● AIM OF THE EXERCISE
The response should hold each line from the entries below where "with" is found.

Segment Start: DATASET EXCERPTS

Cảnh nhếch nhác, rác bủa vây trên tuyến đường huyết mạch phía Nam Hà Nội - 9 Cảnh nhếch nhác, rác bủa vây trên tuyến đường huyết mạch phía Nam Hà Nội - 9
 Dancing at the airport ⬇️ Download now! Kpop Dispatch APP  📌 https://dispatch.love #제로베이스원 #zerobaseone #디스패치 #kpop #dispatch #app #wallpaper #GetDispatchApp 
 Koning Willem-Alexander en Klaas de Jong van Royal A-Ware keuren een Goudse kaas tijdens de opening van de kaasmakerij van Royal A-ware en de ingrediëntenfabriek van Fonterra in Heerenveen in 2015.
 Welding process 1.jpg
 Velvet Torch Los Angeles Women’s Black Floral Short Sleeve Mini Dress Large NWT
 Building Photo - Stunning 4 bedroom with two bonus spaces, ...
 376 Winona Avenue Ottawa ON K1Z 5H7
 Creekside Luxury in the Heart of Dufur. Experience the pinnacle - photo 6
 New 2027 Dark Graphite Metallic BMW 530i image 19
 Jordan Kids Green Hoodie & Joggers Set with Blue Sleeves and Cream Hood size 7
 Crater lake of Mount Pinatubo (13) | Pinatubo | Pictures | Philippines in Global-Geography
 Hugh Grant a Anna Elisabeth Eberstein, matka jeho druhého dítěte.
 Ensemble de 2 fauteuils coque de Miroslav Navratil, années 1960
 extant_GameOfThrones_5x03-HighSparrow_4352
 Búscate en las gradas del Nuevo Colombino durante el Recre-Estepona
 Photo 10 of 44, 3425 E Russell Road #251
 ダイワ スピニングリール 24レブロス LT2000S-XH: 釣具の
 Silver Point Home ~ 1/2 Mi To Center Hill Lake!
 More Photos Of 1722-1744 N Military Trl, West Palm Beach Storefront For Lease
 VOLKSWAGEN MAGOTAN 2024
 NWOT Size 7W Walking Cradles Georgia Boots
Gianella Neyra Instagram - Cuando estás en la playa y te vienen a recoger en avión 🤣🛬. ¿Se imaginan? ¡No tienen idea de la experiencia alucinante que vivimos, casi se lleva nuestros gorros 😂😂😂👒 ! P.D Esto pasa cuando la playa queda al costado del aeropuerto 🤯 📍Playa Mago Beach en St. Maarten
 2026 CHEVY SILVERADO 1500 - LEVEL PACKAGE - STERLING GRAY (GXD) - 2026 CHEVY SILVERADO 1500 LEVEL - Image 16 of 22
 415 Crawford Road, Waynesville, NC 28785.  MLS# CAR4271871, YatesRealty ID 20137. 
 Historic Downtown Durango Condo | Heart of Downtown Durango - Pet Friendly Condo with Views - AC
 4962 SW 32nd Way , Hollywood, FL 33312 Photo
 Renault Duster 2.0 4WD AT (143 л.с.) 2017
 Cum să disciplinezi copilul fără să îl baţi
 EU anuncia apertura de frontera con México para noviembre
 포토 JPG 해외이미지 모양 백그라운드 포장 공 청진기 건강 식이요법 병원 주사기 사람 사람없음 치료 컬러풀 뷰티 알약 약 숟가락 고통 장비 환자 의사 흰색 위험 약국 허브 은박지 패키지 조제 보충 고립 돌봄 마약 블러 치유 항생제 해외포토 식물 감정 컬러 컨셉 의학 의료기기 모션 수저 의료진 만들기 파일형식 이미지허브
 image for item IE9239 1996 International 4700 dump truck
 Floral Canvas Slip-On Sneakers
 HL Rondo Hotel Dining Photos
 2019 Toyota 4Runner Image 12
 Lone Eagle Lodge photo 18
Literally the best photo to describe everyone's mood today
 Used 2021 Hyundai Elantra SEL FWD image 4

Segment End: DATASET EXCERPTS

● EXERCISE RESULT
 Building Photo - Stunning 4 bedroom with two bonus spaces, ...
 Jordan Kids Green Hoodie & Joggers Set with Blue Sleeves and Cream Hood size 7
 Historic Downtown Durango Condo | Heart of Downtown Durango - Pet Friendly Condo with Views - AC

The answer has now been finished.